Source material -
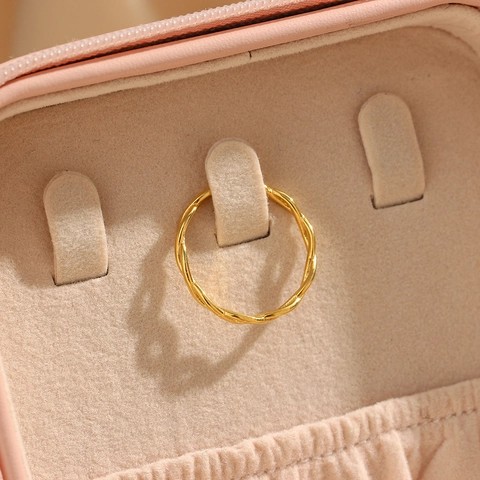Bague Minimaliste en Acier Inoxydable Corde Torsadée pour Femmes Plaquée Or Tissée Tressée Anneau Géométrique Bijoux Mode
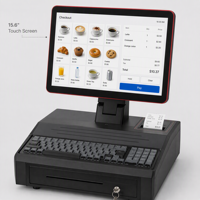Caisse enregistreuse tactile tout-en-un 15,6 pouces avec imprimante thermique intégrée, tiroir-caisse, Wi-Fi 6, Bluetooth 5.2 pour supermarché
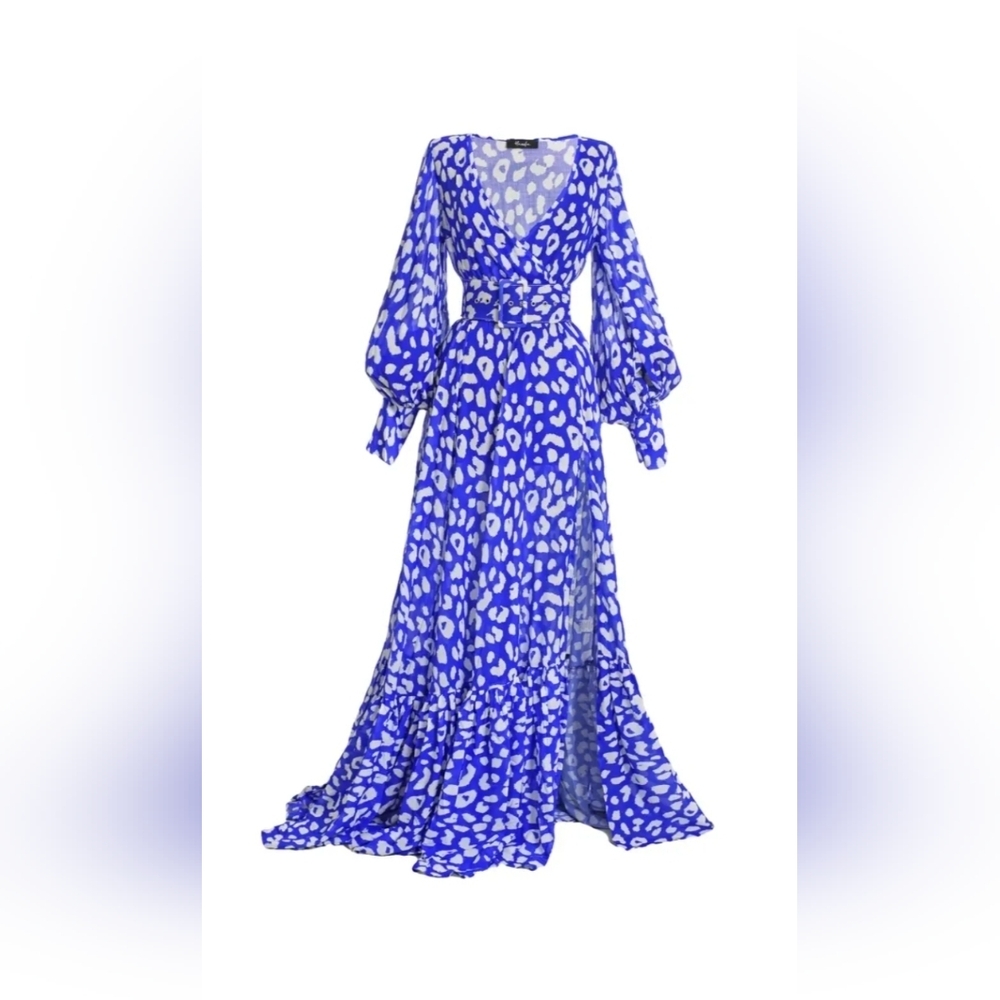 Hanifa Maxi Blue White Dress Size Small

Aim of the task - Output the listing unchanged, pictures excluded.

Solution to the problem -
Bague Minimaliste en Acier Inoxydable Corde Torsadée pour Femmes Plaquée Or Tissée Tressée Anneau Géométrique Bijoux Mode
Caisse enregistreuse tactile tout-en-un 15,6 pouces avec imprimante thermique intégrée, tiroir-caisse, Wi-Fi 6, Bluetooth 5.2 pour supermarché
 Hanifa Maxi Blue White Dress Size Small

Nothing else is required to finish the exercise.